YOUR TASK
Each line from the start of the entries through the line that contains "Used 2019 Land" should be output exactly, please.

_____

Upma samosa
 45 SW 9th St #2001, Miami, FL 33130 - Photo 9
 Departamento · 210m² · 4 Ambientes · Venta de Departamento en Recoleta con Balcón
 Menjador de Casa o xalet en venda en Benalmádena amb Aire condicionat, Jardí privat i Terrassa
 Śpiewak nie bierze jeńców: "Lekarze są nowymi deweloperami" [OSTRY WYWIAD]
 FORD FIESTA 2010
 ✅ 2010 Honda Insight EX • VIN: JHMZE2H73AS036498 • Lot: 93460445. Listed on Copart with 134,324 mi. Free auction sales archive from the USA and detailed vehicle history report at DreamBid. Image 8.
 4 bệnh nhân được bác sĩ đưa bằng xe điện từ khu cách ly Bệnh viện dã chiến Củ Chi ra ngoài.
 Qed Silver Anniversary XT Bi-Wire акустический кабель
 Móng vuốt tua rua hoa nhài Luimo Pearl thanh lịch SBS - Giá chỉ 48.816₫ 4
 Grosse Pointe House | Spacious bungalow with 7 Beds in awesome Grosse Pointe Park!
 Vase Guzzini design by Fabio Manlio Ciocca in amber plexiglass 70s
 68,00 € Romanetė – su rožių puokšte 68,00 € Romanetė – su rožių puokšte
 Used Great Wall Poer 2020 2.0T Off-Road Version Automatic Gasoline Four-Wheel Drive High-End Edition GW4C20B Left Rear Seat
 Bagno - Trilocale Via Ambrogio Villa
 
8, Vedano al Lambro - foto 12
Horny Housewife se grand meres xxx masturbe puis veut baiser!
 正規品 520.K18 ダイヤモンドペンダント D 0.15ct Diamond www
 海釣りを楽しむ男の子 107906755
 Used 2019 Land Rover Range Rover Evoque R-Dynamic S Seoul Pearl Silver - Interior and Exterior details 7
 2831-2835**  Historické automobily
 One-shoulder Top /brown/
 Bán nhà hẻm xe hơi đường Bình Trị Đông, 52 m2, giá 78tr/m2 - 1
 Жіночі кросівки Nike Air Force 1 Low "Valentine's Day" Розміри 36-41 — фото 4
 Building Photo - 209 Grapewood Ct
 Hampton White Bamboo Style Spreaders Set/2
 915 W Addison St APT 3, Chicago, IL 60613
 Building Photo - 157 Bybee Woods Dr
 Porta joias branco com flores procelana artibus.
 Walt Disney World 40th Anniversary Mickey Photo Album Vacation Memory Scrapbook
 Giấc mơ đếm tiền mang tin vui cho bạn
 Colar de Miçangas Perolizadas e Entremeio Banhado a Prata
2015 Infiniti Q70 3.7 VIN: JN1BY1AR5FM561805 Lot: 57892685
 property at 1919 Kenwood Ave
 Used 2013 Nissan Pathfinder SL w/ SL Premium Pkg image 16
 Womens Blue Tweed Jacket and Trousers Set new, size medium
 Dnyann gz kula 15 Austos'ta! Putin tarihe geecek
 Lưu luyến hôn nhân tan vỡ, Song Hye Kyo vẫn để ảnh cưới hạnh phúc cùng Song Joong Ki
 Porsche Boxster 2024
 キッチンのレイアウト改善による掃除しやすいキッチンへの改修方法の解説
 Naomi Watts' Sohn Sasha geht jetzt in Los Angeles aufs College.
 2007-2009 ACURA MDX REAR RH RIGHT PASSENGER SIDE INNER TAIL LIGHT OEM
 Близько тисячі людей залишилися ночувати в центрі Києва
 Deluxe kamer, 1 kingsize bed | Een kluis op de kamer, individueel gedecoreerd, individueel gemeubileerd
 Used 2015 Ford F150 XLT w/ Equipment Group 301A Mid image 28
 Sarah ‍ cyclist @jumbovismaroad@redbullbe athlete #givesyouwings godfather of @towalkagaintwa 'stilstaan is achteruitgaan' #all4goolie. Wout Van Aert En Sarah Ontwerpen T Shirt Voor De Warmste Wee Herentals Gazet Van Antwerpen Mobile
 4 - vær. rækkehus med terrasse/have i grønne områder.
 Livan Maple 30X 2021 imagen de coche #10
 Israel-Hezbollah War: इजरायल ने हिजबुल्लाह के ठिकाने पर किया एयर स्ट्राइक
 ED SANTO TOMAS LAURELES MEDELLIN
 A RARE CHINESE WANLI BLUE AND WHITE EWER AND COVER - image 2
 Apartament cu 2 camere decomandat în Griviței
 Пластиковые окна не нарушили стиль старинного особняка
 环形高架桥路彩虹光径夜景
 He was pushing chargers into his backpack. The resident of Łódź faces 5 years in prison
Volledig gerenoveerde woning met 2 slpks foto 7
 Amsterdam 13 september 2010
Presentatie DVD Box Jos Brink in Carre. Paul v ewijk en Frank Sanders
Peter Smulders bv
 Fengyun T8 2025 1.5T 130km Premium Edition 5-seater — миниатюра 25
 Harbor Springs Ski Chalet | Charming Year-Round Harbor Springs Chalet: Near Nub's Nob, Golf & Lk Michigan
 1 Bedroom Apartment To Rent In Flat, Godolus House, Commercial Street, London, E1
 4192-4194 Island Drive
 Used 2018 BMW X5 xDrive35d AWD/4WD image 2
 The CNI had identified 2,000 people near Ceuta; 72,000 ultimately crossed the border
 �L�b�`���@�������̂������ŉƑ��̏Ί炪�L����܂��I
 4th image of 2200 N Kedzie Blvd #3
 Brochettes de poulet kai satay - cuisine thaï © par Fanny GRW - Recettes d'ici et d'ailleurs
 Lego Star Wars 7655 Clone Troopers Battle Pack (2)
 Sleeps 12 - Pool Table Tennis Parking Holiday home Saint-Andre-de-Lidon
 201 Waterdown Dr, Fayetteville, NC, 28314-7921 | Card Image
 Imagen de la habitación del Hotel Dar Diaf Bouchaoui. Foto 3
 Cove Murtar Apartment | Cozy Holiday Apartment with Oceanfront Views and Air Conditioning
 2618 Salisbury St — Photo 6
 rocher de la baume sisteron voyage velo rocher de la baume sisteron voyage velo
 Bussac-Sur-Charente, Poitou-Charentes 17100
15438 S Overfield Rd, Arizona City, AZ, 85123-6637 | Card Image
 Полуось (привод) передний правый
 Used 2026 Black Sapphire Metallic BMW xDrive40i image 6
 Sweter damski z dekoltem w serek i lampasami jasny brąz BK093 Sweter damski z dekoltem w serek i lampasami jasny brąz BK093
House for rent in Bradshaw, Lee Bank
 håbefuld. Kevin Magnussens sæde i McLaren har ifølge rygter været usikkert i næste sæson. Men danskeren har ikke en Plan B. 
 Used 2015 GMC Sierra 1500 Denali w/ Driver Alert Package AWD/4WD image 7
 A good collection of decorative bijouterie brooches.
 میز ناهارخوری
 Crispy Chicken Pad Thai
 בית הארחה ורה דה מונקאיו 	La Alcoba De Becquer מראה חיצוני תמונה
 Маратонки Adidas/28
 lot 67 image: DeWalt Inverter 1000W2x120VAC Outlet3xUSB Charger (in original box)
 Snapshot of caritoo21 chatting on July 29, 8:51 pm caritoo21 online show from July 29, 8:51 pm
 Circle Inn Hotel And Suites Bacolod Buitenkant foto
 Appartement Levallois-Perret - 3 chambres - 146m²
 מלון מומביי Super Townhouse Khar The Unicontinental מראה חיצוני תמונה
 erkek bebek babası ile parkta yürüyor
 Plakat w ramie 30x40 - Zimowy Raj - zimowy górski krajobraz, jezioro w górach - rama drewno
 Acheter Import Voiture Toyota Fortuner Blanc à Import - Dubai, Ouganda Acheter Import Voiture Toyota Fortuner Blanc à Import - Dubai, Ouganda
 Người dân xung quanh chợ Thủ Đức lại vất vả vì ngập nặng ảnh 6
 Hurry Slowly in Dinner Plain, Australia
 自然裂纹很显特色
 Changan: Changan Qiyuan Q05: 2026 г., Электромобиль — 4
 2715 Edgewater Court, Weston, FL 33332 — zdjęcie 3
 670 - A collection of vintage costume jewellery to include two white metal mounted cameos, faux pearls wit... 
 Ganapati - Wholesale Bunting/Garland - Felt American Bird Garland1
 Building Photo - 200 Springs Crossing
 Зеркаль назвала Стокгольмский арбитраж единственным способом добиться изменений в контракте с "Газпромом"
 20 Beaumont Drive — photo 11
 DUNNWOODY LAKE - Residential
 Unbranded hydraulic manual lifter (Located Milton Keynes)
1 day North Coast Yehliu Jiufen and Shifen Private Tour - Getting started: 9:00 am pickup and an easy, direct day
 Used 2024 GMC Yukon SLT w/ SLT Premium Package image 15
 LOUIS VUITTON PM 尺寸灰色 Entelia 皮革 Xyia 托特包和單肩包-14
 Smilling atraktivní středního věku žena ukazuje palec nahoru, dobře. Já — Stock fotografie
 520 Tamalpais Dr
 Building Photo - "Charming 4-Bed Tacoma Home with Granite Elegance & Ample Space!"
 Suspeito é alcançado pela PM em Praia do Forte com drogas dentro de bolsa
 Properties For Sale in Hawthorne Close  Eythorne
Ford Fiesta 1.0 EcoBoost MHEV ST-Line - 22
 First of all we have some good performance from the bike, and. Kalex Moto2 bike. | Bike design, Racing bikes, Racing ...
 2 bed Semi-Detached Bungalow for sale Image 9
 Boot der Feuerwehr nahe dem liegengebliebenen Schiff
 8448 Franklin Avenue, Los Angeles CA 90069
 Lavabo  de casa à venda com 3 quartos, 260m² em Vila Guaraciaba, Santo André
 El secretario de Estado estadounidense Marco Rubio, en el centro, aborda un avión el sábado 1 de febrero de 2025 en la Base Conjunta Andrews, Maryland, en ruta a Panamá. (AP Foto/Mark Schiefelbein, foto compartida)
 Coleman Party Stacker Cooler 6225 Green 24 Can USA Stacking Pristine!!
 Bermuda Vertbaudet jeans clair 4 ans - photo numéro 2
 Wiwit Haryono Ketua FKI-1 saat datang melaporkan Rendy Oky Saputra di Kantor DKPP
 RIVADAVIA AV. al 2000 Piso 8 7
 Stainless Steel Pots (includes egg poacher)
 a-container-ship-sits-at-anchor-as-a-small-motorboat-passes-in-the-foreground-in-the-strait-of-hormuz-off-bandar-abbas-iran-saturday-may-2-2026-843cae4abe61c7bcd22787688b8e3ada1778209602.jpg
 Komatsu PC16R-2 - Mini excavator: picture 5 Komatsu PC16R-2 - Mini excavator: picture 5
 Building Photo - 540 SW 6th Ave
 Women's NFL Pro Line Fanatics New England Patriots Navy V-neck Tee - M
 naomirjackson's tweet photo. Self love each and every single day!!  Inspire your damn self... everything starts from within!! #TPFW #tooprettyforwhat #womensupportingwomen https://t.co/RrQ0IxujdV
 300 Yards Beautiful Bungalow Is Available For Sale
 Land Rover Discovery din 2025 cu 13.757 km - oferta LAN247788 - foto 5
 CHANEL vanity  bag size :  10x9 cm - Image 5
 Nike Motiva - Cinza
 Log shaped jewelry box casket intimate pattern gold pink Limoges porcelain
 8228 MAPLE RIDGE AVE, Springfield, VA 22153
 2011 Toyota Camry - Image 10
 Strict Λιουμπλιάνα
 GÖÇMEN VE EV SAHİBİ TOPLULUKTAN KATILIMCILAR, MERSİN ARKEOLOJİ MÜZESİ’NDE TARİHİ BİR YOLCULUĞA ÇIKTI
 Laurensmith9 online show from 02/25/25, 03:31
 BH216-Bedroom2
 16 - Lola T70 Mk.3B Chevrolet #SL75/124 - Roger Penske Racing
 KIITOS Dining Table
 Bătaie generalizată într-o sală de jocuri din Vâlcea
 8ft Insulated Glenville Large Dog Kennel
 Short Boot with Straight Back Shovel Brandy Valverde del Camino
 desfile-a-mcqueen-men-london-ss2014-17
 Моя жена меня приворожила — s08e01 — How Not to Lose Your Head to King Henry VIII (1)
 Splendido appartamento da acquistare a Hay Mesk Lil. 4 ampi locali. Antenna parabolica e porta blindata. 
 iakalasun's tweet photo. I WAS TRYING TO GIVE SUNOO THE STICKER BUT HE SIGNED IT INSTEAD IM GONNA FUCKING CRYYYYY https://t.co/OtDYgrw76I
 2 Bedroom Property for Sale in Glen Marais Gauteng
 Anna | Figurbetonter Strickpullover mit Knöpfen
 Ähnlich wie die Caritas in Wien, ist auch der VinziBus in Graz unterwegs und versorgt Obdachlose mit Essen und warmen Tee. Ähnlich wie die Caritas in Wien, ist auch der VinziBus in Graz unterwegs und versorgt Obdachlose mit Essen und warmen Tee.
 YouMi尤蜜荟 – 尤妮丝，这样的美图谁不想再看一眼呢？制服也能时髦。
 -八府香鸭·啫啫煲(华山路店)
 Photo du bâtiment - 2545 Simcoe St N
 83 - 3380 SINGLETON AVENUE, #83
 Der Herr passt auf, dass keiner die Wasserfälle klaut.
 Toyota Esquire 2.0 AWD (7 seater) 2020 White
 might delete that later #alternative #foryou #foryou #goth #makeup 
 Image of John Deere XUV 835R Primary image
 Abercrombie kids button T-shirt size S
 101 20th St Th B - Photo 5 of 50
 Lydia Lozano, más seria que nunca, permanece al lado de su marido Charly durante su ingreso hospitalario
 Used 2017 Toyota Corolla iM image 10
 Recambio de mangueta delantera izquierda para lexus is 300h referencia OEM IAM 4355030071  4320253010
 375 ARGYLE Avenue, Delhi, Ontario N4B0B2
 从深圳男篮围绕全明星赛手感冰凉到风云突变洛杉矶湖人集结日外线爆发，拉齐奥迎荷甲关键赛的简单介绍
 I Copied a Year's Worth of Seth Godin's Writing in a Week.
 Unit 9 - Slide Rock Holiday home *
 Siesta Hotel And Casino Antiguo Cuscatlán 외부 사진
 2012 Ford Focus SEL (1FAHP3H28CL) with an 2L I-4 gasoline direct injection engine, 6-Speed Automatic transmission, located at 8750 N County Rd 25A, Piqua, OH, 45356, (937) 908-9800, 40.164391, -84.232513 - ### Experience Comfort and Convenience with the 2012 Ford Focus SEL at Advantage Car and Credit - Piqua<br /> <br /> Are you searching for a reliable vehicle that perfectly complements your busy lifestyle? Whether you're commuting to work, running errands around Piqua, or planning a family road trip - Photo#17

_____

RESPONSE TO THE TASK
Upma samosa
 45 SW 9th St #2001, Miami, FL 33130 - Photo 9
 Departamento · 210m² · 4 Ambientes · Venta de Departamento en Recoleta con Balcón
 Menjador de Casa o xalet en venda en Benalmádena amb Aire condicionat, Jardí privat i Terrassa
 Śpiewak nie bierze jeńców: "Lekarze są nowymi deweloperami" [OSTRY WYWIAD]
 FORD FIESTA 2010
 ✅ 2010 Honda Insight EX • VIN: JHMZE2H73AS036498 • Lot: 93460445. Listed on Copart with 134,324 mi. Free auction sales archive from the USA and detailed vehicle history report at DreamBid. Image 8.
 4 bệnh nhân được bác sĩ đưa bằng xe điện từ khu cách ly Bệnh viện dã chiến Củ Chi ra ngoài.
 Qed Silver Anniversary XT Bi-Wire акустический кабель
 Móng vuốt tua rua hoa nhài Luimo Pearl thanh lịch SBS - Giá chỉ 48.816₫ 4
 Grosse Pointe House | Spacious bungalow with 7 Beds in awesome Grosse Pointe Park!
 Vase Guzzini design by Fabio Manlio Ciocca in amber plexiglass 70s
 68,00 € Romanetė – su rožių puokšte 68,00 € Romanetė – su rožių puokšte
 Used Great Wall Poer 2020 2.0T Off-Road Version Automatic Gasoline Four-Wheel Drive High-End Edition GW4C20B Left Rear Seat
 Bagno - Trilocale Via Ambrogio Villa
 
8, Vedano al Lambro - foto 12
Horny Housewife se grand meres xxx masturbe puis veut baiser!
 正規品 520.K18 ダイヤモンドペンダント D 0.15ct Diamond www
 海釣りを楽しむ男の子 107906755
 Used 2019 Land Rover Range Rover Evoque R-Dynamic S Seoul Pearl Silver - Interior and Exterior details 7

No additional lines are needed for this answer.